There are countless gender stereotypes in the world, especially when it comes to the world of weddings. If you’re recently engaged, you’ve probably heard more than your fair share of jokes about “bridezillas” or reluctant grooms being dragged down the aisle. Though of course there are exceptions, it is more common for men to be less involved in the wedding planning – even when they’re actually excited about getting married and having a large event. Often, this is due to societal pressure and feeling like they’re not supposed to be interested in the process of coordinating the big day. For some brides with a clear vision, this works. Others want their nuptials to be a team effort and genuinely want their future husband’s opinions.
Photo by Brandon Kidd Photography; Floral Design by Flowers by Cina
Here are some tips to help a groom get more invested in wedding planning:
- Be honest about your expectations. If you ask his opinion about linens and then just go with the color you like anyway, he will understandably feel like you don’t really value his insight.

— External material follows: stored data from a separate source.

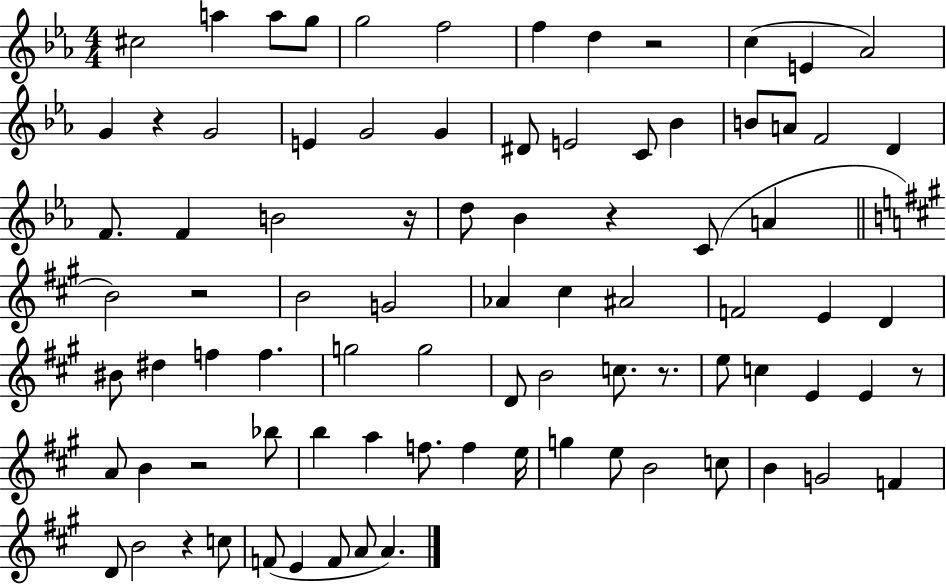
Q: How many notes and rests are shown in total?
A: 85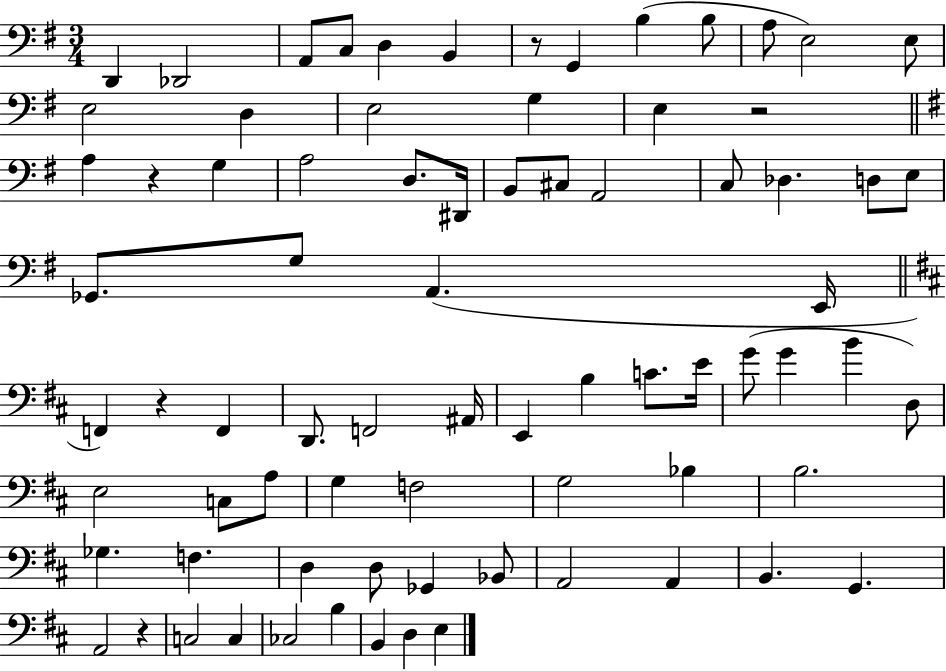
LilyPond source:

{
  \clef bass
  \numericTimeSignature
  \time 3/4
  \key g \major
  d,4 des,2 | a,8 c8 d4 b,4 | r8 g,4 b4( b8 | a8 e2) e8 | \break e2 d4 | e2 g4 | e4 r2 | \bar "||" \break \key e \minor a4 r4 g4 | a2 d8. dis,16 | b,8 cis8 a,2 | c8 des4. d8 e8 | \break ges,8. g8 a,4.( e,16 | \bar "||" \break \key d \major f,4) r4 f,4 | d,8. f,2 ais,16 | e,4 b4 c'8. e'16 | g'8( g'4 b'4 d8) | \break e2 c8 a8 | g4 f2 | g2 bes4 | b2. | \break ges4. f4. | d4 d8 ges,4 bes,8 | a,2 a,4 | b,4. g,4. | \break a,2 r4 | c2 c4 | ces2 b4 | b,4 d4 e4 | \break \bar "|."
}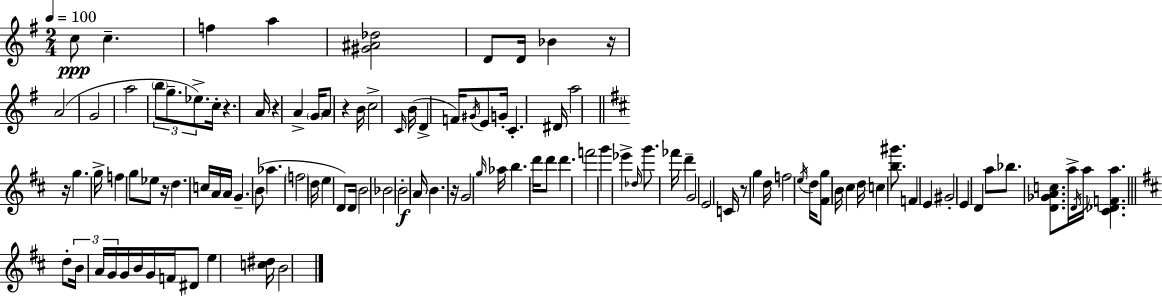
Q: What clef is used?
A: treble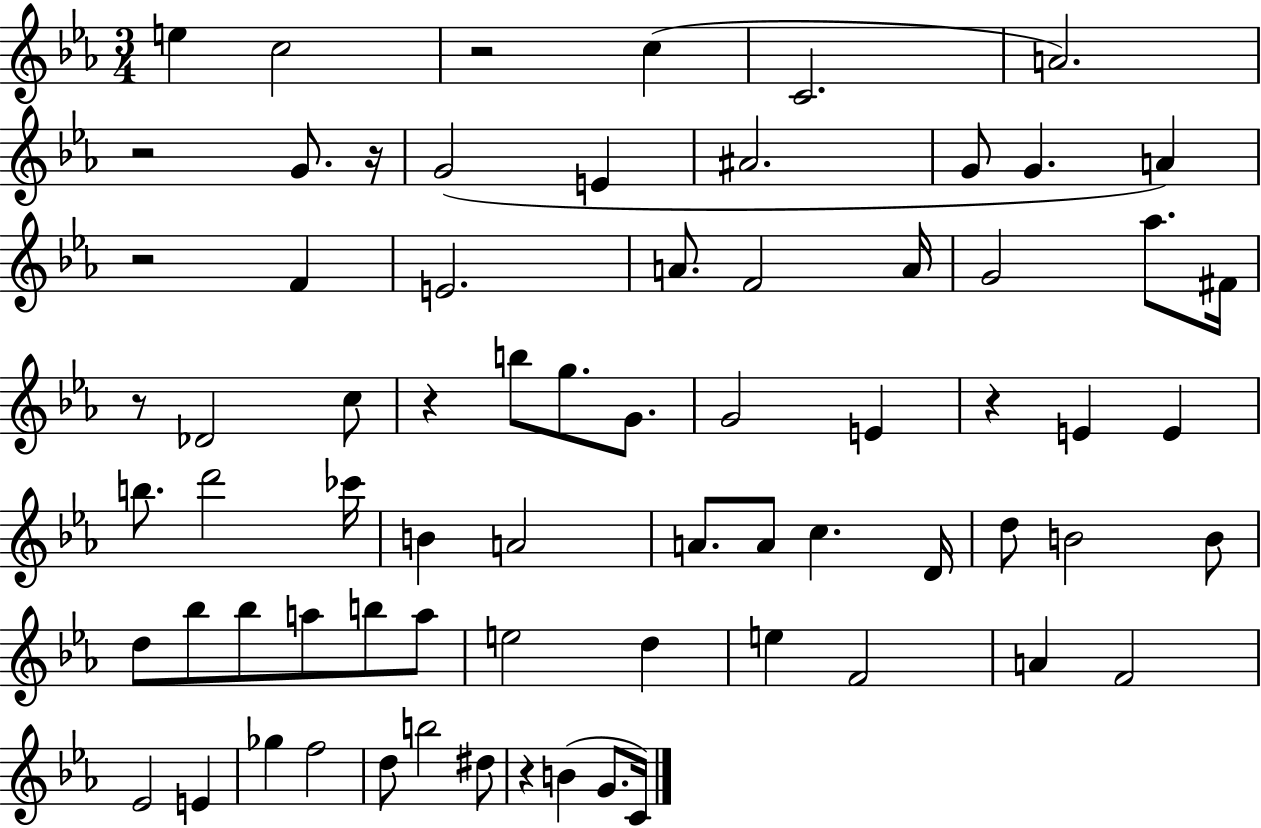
{
  \clef treble
  \numericTimeSignature
  \time 3/4
  \key ees \major
  e''4 c''2 | r2 c''4( | c'2. | a'2.) | \break r2 g'8. r16 | g'2( e'4 | ais'2. | g'8 g'4. a'4) | \break r2 f'4 | e'2. | a'8. f'2 a'16 | g'2 aes''8. fis'16 | \break r8 des'2 c''8 | r4 b''8 g''8. g'8. | g'2 e'4 | r4 e'4 e'4 | \break b''8. d'''2 ces'''16 | b'4 a'2 | a'8. a'8 c''4. d'16 | d''8 b'2 b'8 | \break d''8 bes''8 bes''8 a''8 b''8 a''8 | e''2 d''4 | e''4 f'2 | a'4 f'2 | \break ees'2 e'4 | ges''4 f''2 | d''8 b''2 dis''8 | r4 b'4( g'8. c'16) | \break \bar "|."
}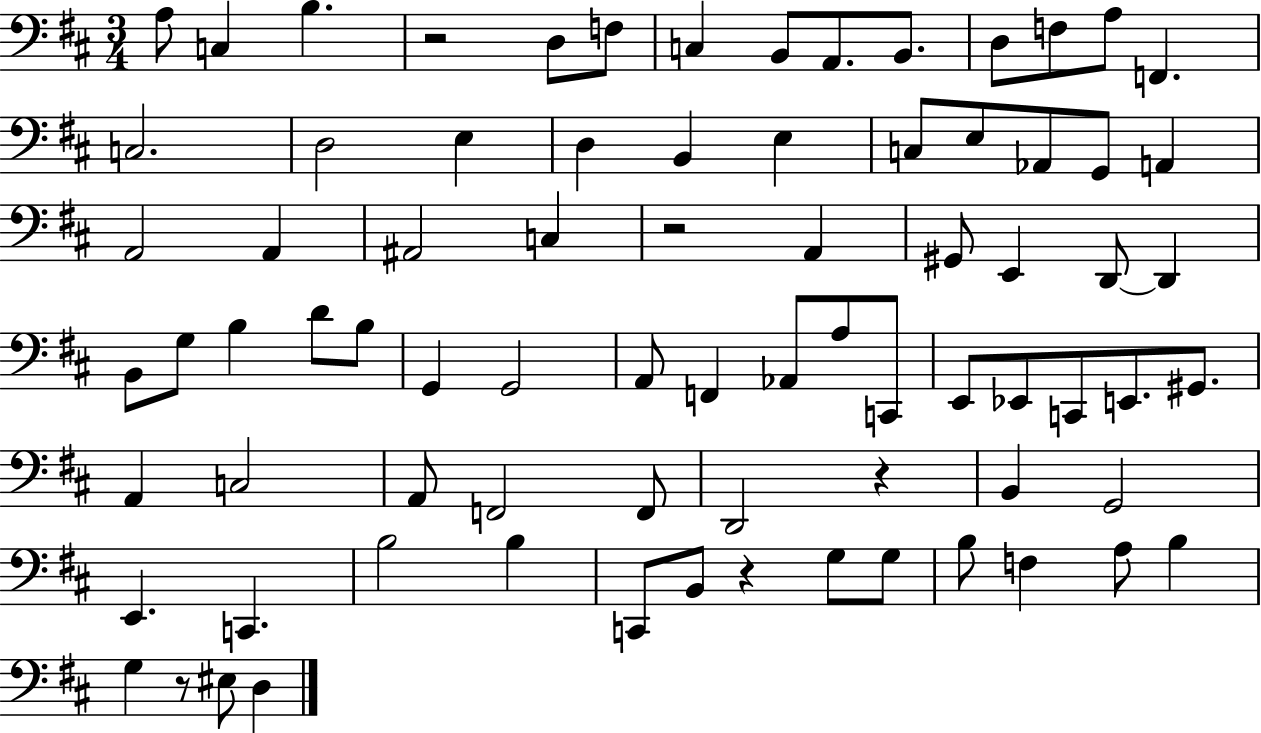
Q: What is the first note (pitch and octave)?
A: A3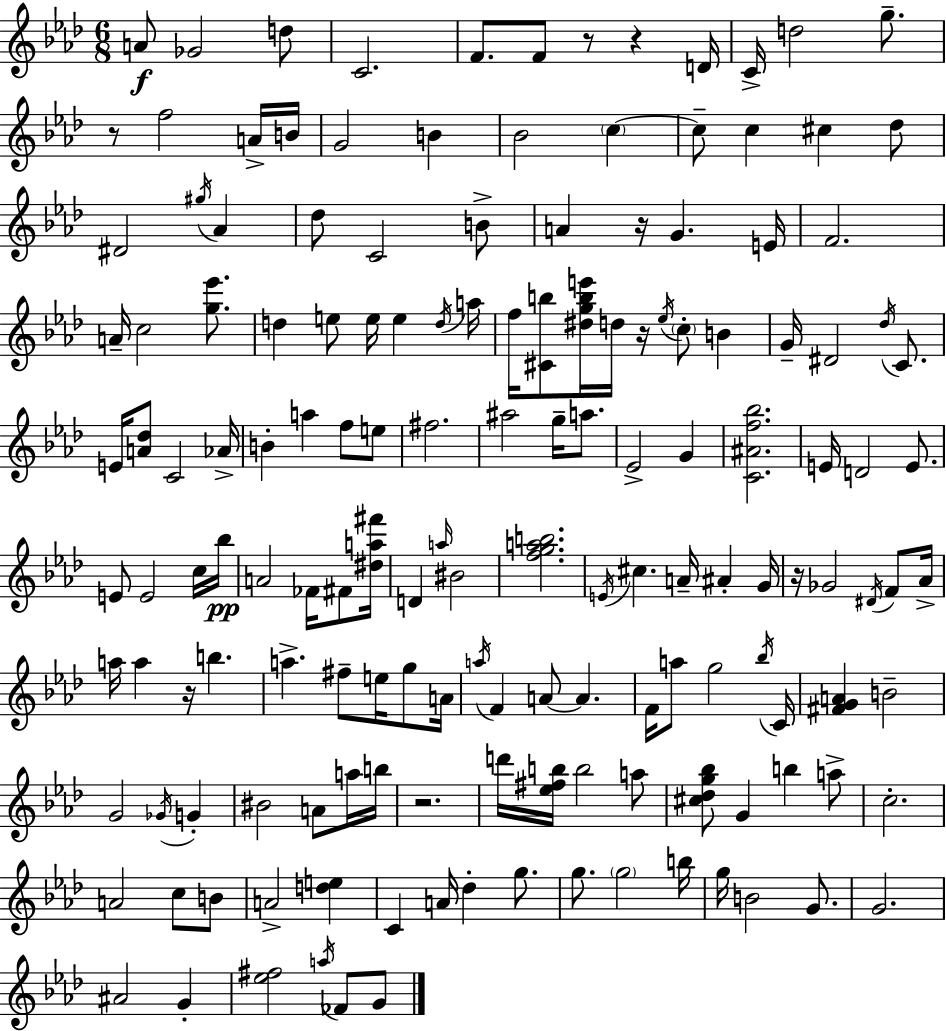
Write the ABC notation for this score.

X:1
T:Untitled
M:6/8
L:1/4
K:Ab
A/2 _G2 d/2 C2 F/2 F/2 z/2 z D/4 C/4 d2 g/2 z/2 f2 A/4 B/4 G2 B _B2 c c/2 c ^c _d/2 ^D2 ^g/4 _A _d/2 C2 B/2 A z/4 G E/4 F2 A/4 c2 [g_e']/2 d e/2 e/4 e d/4 a/4 f/4 [^Cb]/2 [^dgbe']/4 d/4 z/4 _e/4 c/2 B G/4 ^D2 _d/4 C/2 E/4 [A_d]/2 C2 _A/4 B a f/2 e/2 ^f2 ^a2 g/4 a/2 _E2 G [C^Af_b]2 E/4 D2 E/2 E/2 E2 c/4 _b/4 A2 _F/4 ^F/2 [^da^f']/4 D a/4 ^B2 [fgab]2 E/4 ^c A/4 ^A G/4 z/4 _G2 ^D/4 F/2 _A/4 a/4 a z/4 b a ^f/2 e/4 g/2 A/4 a/4 F A/2 A F/4 a/2 g2 _b/4 C/4 [^FGA] B2 G2 _G/4 G ^B2 A/2 a/4 b/4 z2 d'/4 [_e^fb]/4 b2 a/2 [^c_dg_b]/2 G b a/2 c2 A2 c/2 B/2 A2 [de] C A/4 _d g/2 g/2 g2 b/4 g/4 B2 G/2 G2 ^A2 G [_e^f]2 a/4 _F/2 G/2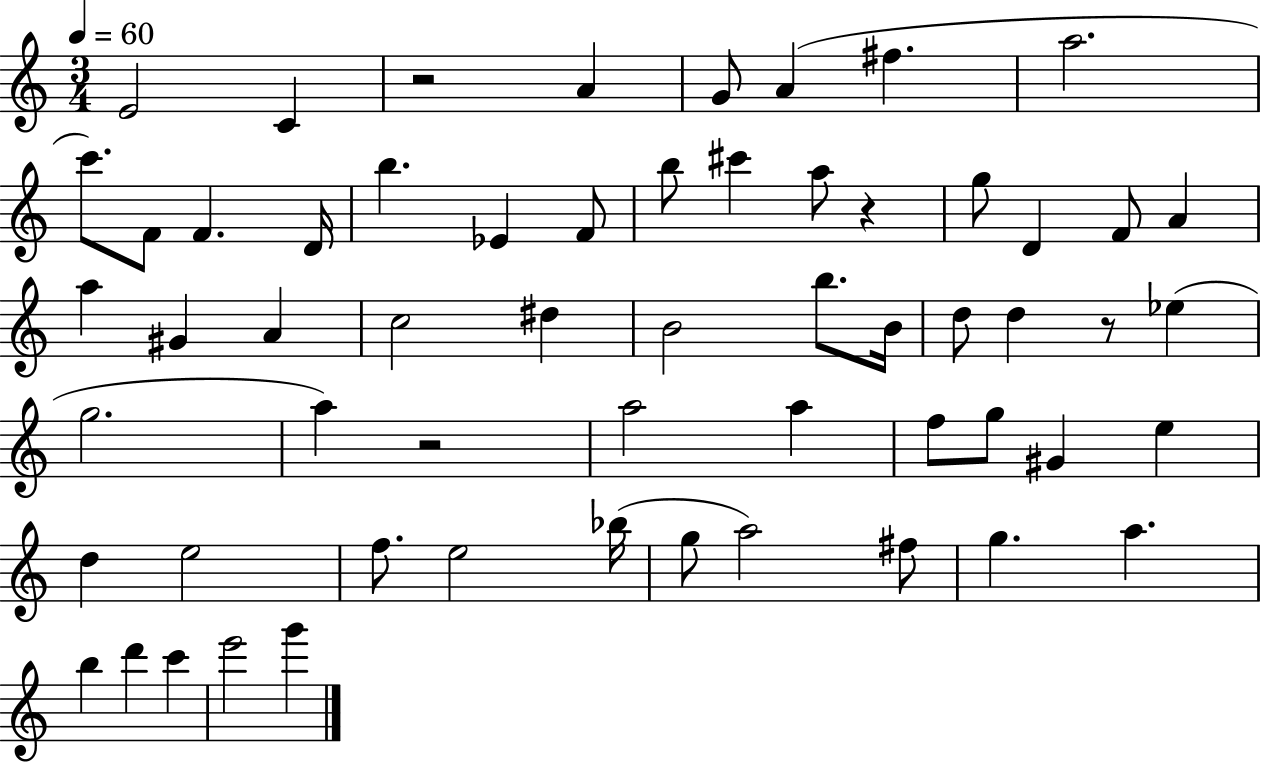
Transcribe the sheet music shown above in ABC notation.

X:1
T:Untitled
M:3/4
L:1/4
K:C
E2 C z2 A G/2 A ^f a2 c'/2 F/2 F D/4 b _E F/2 b/2 ^c' a/2 z g/2 D F/2 A a ^G A c2 ^d B2 b/2 B/4 d/2 d z/2 _e g2 a z2 a2 a f/2 g/2 ^G e d e2 f/2 e2 _b/4 g/2 a2 ^f/2 g a b d' c' e'2 g'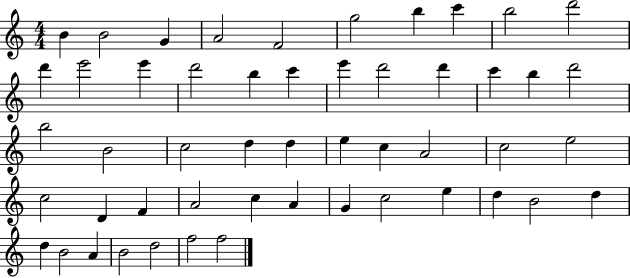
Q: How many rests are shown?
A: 0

- Find out what is important. He might surprise you by having strong feelings about the color scheme, or he could go the more expected route and care about the music or food. You won’t know until you ask!
- Utilize his skills. If his job involves spreadsheets, he can help divvy up the budget. If he likes working with his hands, maybe he can help build a beautiful arbor. Is he a writer? He can work with the officiant on writing a sentimental ceremony. Every person will have their own individual strengths they can bring to the table.
- Let him pick his ensemble. Sure, you always pictured your guy in a class black tux, but it’s his big day too. If you wouldn’t let his ideas affect your choice in bridal gown, your vision shouldn’t keep him from his dream outfit. Should his prospective option really not fit with the formality of the event, it’s a sign that you two need to make sure you’re on the same page for what kind of wedding you’re having.